P and I missed the Supari, but since we planned to be around for the rest of the ceremonies, we didn’t think it was too big a deal. At the time we were still on our Solukhubu trek, but things became tense when we got stuck in Lukla and I was worried we would miss larger chunks of the wedding.
The Supari (as it is known in Newari culture) is a type of engagement ceremony, or at least a formal announcement/acceptance of the relationship. The bride’s family isn’t able to proceed with any of the wedding parties until the supari has occurred.

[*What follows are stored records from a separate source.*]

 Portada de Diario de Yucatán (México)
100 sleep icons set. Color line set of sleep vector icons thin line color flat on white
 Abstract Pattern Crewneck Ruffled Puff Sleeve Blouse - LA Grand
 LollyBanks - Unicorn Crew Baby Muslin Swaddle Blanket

Supari is the Nepali word for betelnut, and the ceremony bares its name because the nut has a central role. The groom’s family travels to the bride’s family for the first time, bringing gifts (we will see these gifts again later). Traditionally they brought 4-6 betelnuts in little pouches for the family as well as sindoor which is used during the “actual” wedding ceremony (swayambar), although now more gifts have been added over time in addition to the betelnuts. The bride’s family provides refreshments while the groom’s family gives the gifts, and the bride is essentially sitting pretty so the groom’s family can check her out. Interestingly enough the groom is not allowed to come to this ceremony at all. Poor S spent his evening sitting out in the car during R’s supari since he wasn’t able to be part of the ceremony, until a friend came along and took him out for a beer.
A few days after the supari… and luckily once we returned from Lukla, R decided to have some cousins and aunties over to put henna on our hands. Bridal henna is not a Nepali tradition, and isn’t traditionally part of the wedding preparations as it is in many parts of India, Pakistan and Bangladesh. However Nepali brides are starting to use henna because of pop culture influences like Bollywood. I wanted to do it too, even though P’s family seemed confused as to why R was having this done.

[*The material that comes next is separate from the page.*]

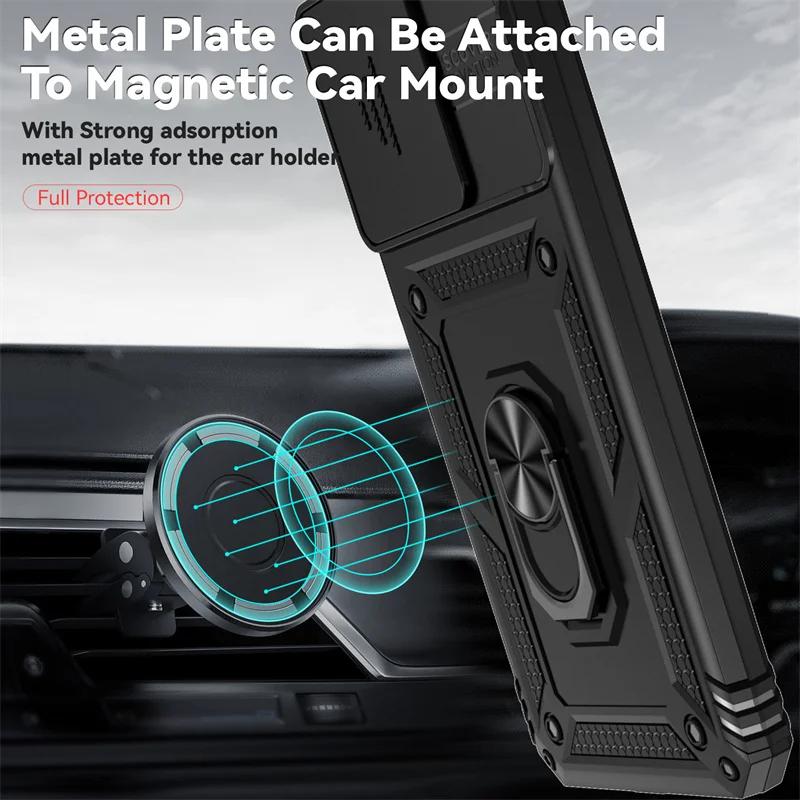 For Xiaomi Redmi 13C Case Slide Lens Protect Shockproof Armor Phone Cases For Xiaomi 13T Redmi NOTE13 PRO 4G5G Ring Holder Cover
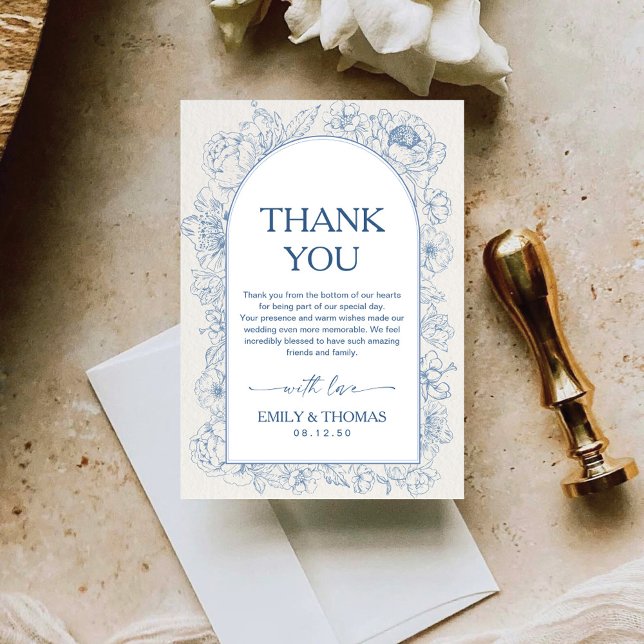 Floral Chinoiserie Wedding Thank You Card (Creator Uploaded)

While we were getting our hands henna-fied, R’s brother and cousins were helping to fold hundreds of invitations. Most of these invitations are hand-delivered a few days before the ceremony. The invitations are organized into bundles and given to various friends and family members who know others and they spread through the community it that way.
The Henna Evening was a nice way to get to know the bride’s family before the formal wedding began. The women bonded, and during the wedding itself it felt like we had a special code… occasionally I’d flash my henna-ed palm at one of R’s cousins or aunties, and they would flash it back like a secret greeting.
Shortly thereafter R’s family had the bride’s reception. Both the groom’s family and the bride’s family have wedding receptions, but the difference is that during the groom’s reception the couple is already married and both the bride and groom are present. However the bride’s reception occurs before the marriage ceremony (probably because traditionally the bride is married away into another family, so the bride’s family has to have their party before she leaves)… and since the bride and groom don’t traditionally meet before the “actual” wedding that means the bride presides over the reception without the groom. She sits on a platform at the front of the reception while friends and family come up to congratulate her and bring gifts.
The thing that is probably most shocking to the average American is the number of people that attend these various receptions. Average American weddings are around 100-150 people. Average Nepali weddings have hundreds more– between 400-600, and remember there is more than one party! The sheer numbers are a bit boggling. One friend’s brother had 1200 people. Can you imagine?
Most weddings are buffet style, so the organizers don’t have to worry so much about seating, and who is eating what, or even RSVPs, like in American weddings. That’s how friends and neighbors of invitees can be randomly invited along as well. (remember “invited to the wedding…“?)